There, you just ascribed the synchronous property to barrier requests.
This is false. Barriers are about ordering, synchronous writes are
another thing entirely. The filesystem is supposed to use barriers to
maintain ordering for journal data. If you are trying to handle a
synchronous write request, that's another flag.
> This is the big problem, right? If we use barriers for commit
> writes, the filesystem can return to userspace after a sync write or
> fsync() and an *ordered barrier device implementation* may not have
> written the blocks to persistent media. If we then pull the plug on
> the box, we've just lost data that sync or fsync said was
> successfully on disk. That's BAD.
That's why for synchronous writes, you set the flag to mark the request
as synchronous, which has nothing at all to do with barriers. You are
trying to use barriers to solve two different problems. Use one flag to
indicate ordering, and another to indicate synchronisity.
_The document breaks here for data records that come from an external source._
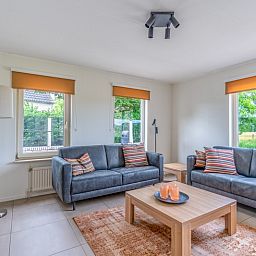Cozy living room in Holiday home Kamperfoelie 69 with sauna, De Koog, Texel, with comfortable sofas and lots of light.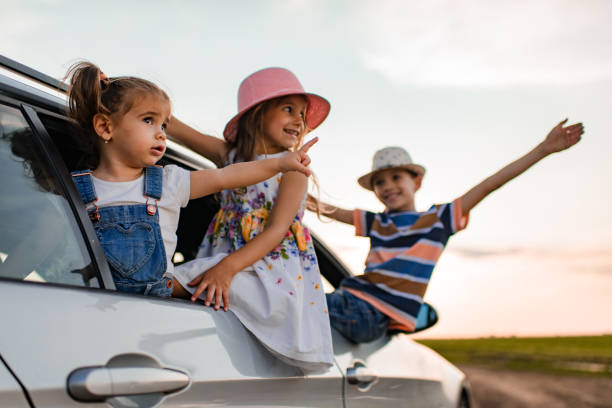 istock Beautiful children enjoying on a road trip 1351249885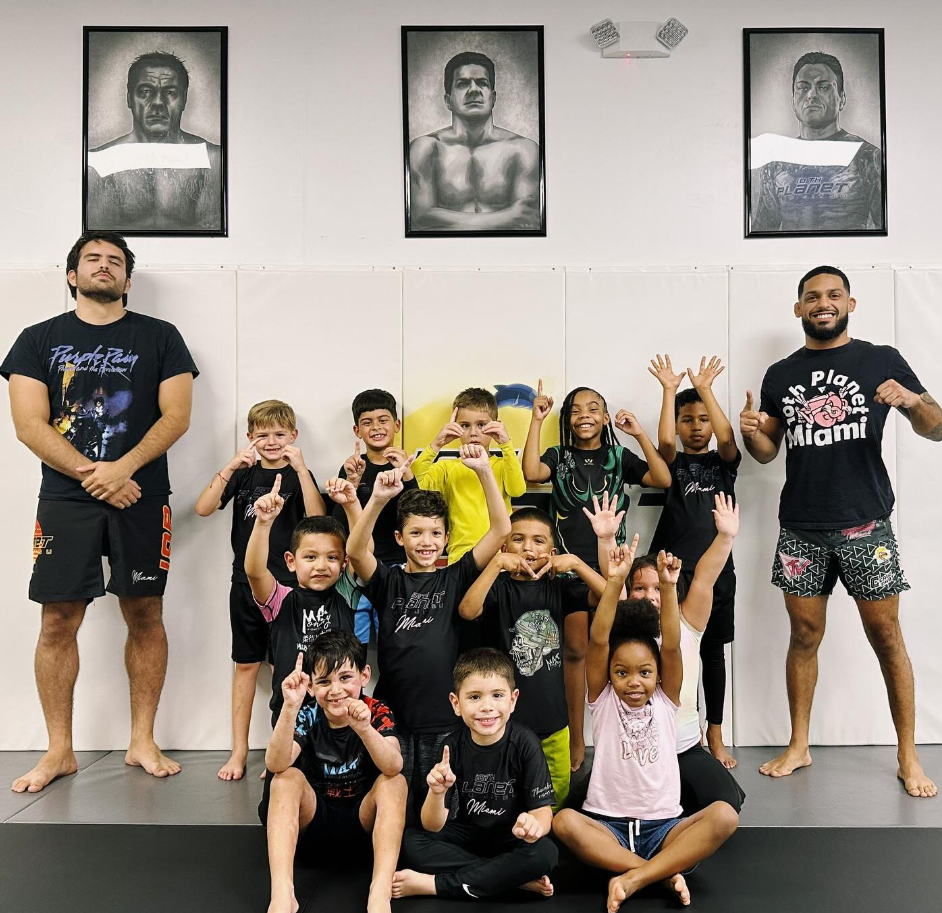 Kids practice controlled grappling in a Youth Jiu-Jitsu class at 10th Planet Jiu-Jitsu Miami in Miramar, FL, building confidence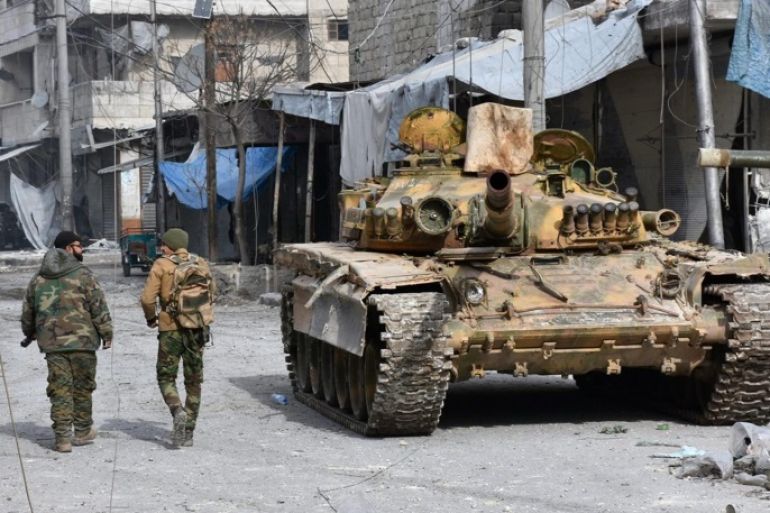 A handout photograph released by the official Syrian Arab News Agency (SANA) on 13 December 2016 showing Syrian soldiers walking next to a tank after government forces took control over the neighborhood in Aleppo, Syria, 12 December 2016. Media reports state the Syrian army on 12 December claimed it had recaptured 98 percent of former rebel territory in eastern Aleppo. The huge regime gains come as part of the military offensive launched by forces loyal to President Bashar Assad on 15 November. Since then, over 1,000 people have been killed in the northern Syrian city. EPA/SANA HANDOUT
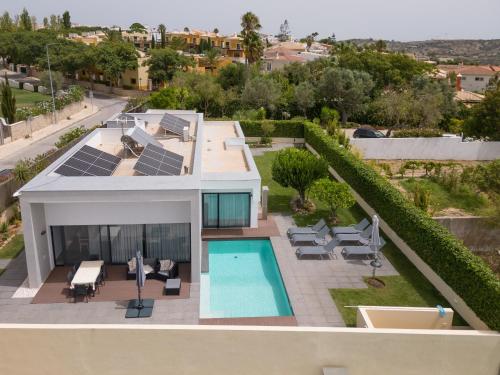 an aerial view of a house with solar panels on it at Bela Vista da Luz 17 by Destination Algarve in Luz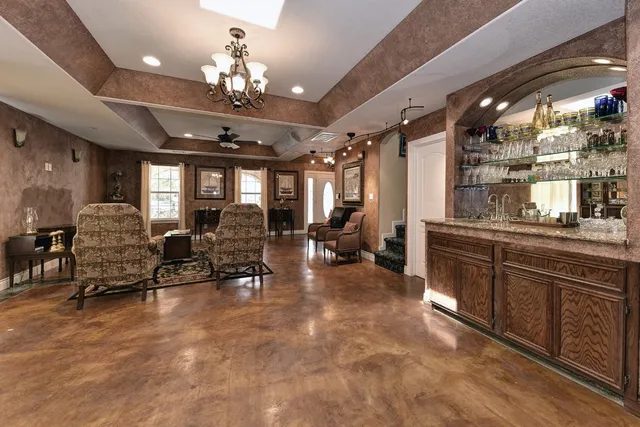 a large room with lots of furniture and chandelier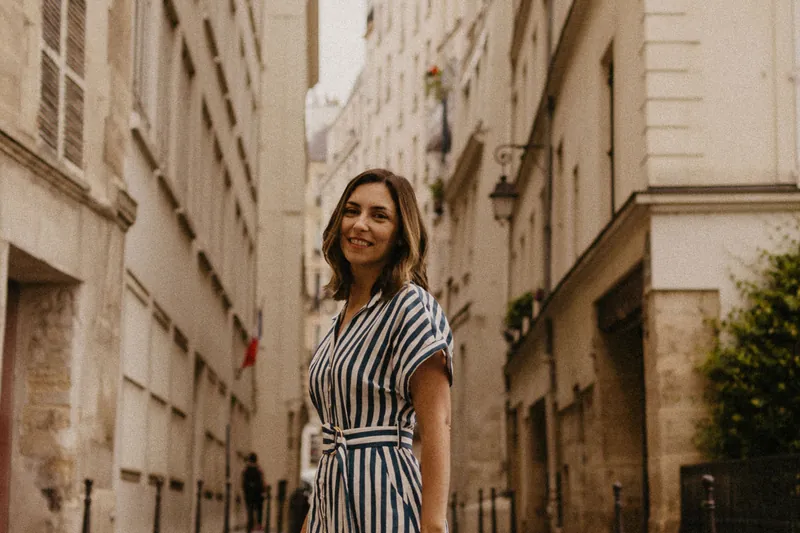 Mel Rolan com uma sacola de compras numa rua tranquila de Paris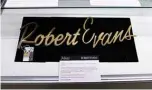  ??  ?? Robert Evans’s name for his Paramount Studios office door is displayed during an auction preview of “Property from the Estate of Robert Evans”.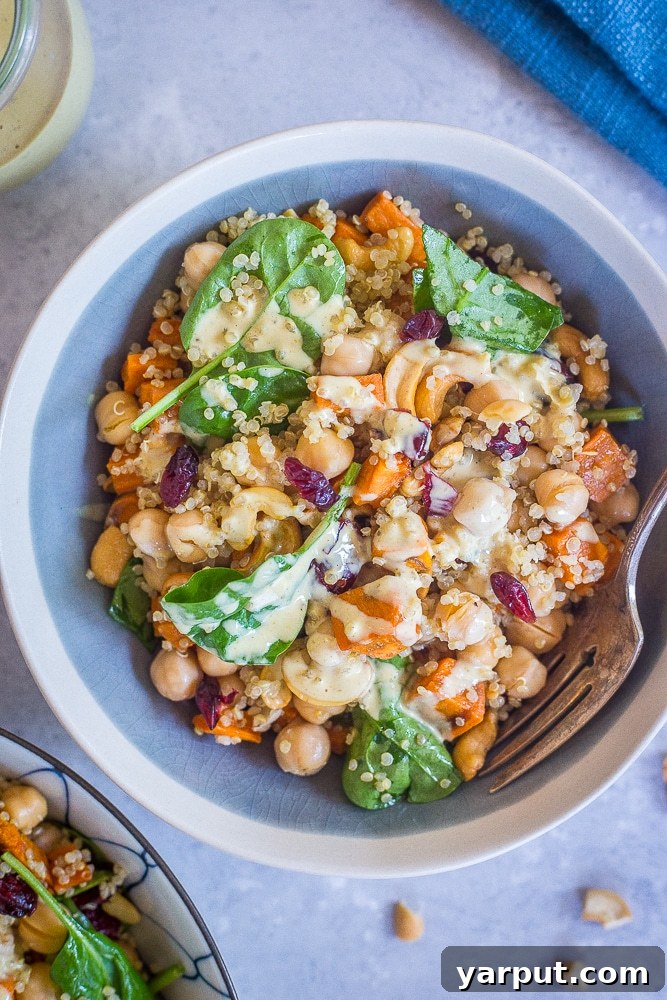 Golden Curry Quinoa Power Bowl 5 A close-up shot of a single serving bowl of Quinoa Sweet Potato Chickpea Salad, highlighting its vibrant colors and appealing textures.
> Right now a barrier write on the last block of the fsync/sync write
> is sufficient to prevent that because of the FUA on the barrier
> block write. A purely ordered barrier implementation does not
> provide this guarantee.
This is a side effect of the implementation of the barrier, not part of
the semantics of barriers, so you shouldn't rely on this behavior. You
don't have to use FUA to handle the barrier request, and if you don't,
then the request can be completed while the data is still in the write
cache. You just have to make sure to flush it before any subsequent
requests.
> IOWs, there are two parts to the problem:
>
> 1 - guaranteeing I/O ordering
> 2 - guaranteeing blocks are on persistent storage.
>
> Right now, a single barrier I/O is used to provide both of these
> guarantees. In most cases, all we really need to provide is 1); the
> need for 2) is a much rarer condition but still needs to be
> provided.
Yep... two problems... two flags.
> Yes, if we define a barrier to only guarantee 1), then yes this
> would be a big win (esp. for XFS). But that requires all filesystems
> to handle sync writes differently, and sync_blockdev() needs to
> call blkdev_issue_flush() as well....
>
> So, what do we do here? Do we define a barrier I/O to only provide
> ordering, or do we define it to also provide persistent storage
> writeback? Whatever we decide, it needs to be documented....
We do the former or we end up in the same boat as O_DIRECT; where you
have one flag that means several things, and no way to specify you only
need some of those and not the others.